Richard James Overy (born 23 December 1947) is a British historian who has published extensively on the history of World War II and the Third Reich. In 2007 as The Times editor of Complete History of the World he chose the 50 key dates of world history.
War and Economy in the Third Reich (1994)
Oxford: UK, Oxford University Press, 1994
- Hitler was ‘an enemy of free-market economics’ and a ‘reluctant dirigiste.’
- pp. 1–2
- [T]here could be no guarantee in a free market that the interests of race or state as Hitler defined them would take priority over the interests of businessmen or consumers. After 1933 the role of the state in regulating and directing economic life increased sharply, first in order to encourage economic revival, then to divert economic resources to the growth of German military power… [which] led, in an unplanned, incremental way, to the establishment of a kind of command economy.
- pp. 1–2
- Indeed, many businessmen seem on the evidence to have been wary of the closet anti-capitalism of the rank-and-file Nazis.
- p. 12
- During the years that followed, Hitler and the Nazi movement were anything but the tools of German big business.
- p. 12
- When the regime wanted additional industrial capacity or resources for the military economy which the private sector could not provide, it was created (or conquered) by the state… during the Third Reich state ownership expanded into the productive sectors, based on the strategic industries, aviation, aluminum, synthetic oil and rubber, chemicals, iron and steel, and army equipment. Government finances for state-owned enterprises rose from RM 4,000m in 1933 to RM 16,000m 10 years later; the capital assets of state-owned industry doubled during the same period; the number of state-owned firms topped 500.
- p. 16
- The outcome [of the Nazi economy] was a command economy, governed by military priorities, but run by a coalition of state officials, soldiers, party hacks and industrial technocrats.
- p. 17
- Industry was regarded entirely instrumentally by party, state and military, in terms of its ability to provide the sinews of war… The business community was characterized by a defensive opportunism in the face of state power.
- p. 17
- Historians now debate whether Britain had a ‘managed economy’ by 1939, the very term—die gelenkte wirtschaft—adopted by German economists in the 1930s to describe the Nazi economy.
- p. 17
- Nazi political hegemony in the end prevented German capitalists form acting as capitalists.
- p. 94
- In the long run the [Nazi] movement was moving to a position in which the economic New Order would be controlled by the Party through a bureaucratic apparatus staffed by technical experts and dominated by political interests, not unlike the system that had already been built up in the Soviet Union.
- p. 118
- Göring industrial empire represented, in this sense, one of the major steps towards restricting private industrial capitalism and substituting a ‘völkisch’, state-run industrial economy.
- p. 146
- The [Nazi] regime was also able to use the state-owned multi-nationals as a ‘battering ram’ for entering economies that were not occupied territory.
- p. 330
The Nazi economic recovery 1931-1938 (1996)

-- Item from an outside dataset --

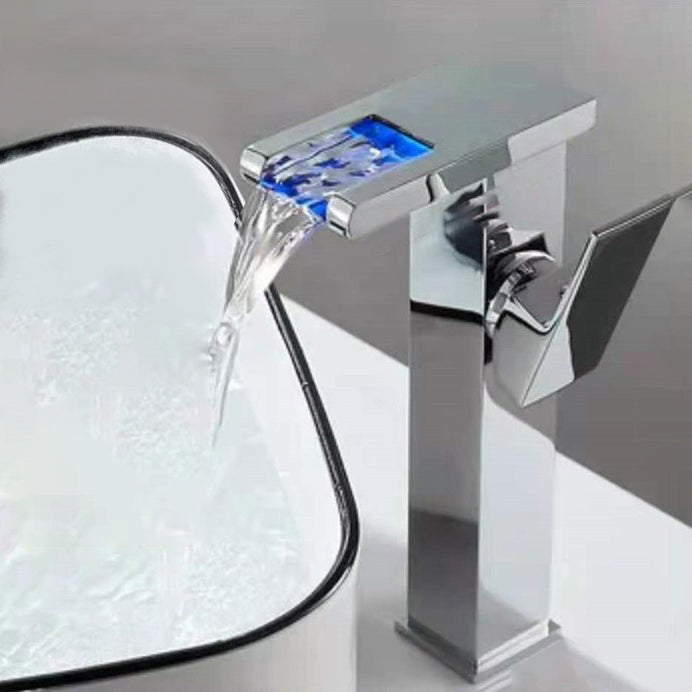 1-Handle Basin Lavatory Faucet 1-Hole Widespread Bathroom Vessel Faucet with LED Lighting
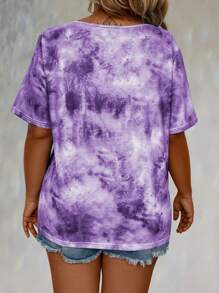Plus Tie Dye Lace Up Front Tee Graphic Tees Women Tops - Multicolor - View 2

Cambridge: UK, Cambridge University Press, 1996
- Some big businessmen did contribute to the Nazi election funds but German capitalism cannot be regarded, on the evidence, as having collectively brought fascism to power in any direct sense. Fascism in Germany was a mass movement brought to power through collusion with a bankrupt but traditional elite, not as the puppet of big business.
- p. 55
- It has been estimated that about one-fifth of Nazi voters and members were drawn from the manual work-force. After 1933 the number of workers in the Nazi Party went up, a product of opportunism perhaps as much as conviction.
- p. 58
The Dictators: Hitler's Germany and Stalin's Russia, (2004)
W.W. Norton & Company, Inc., 2004
- In a remark made in 1932 to Otto Wagener, one of the party’s economic experts, Hitler observed that the business bourgeoisie “know nothing except their profit. ‘Fatherland’ is only a word for them.”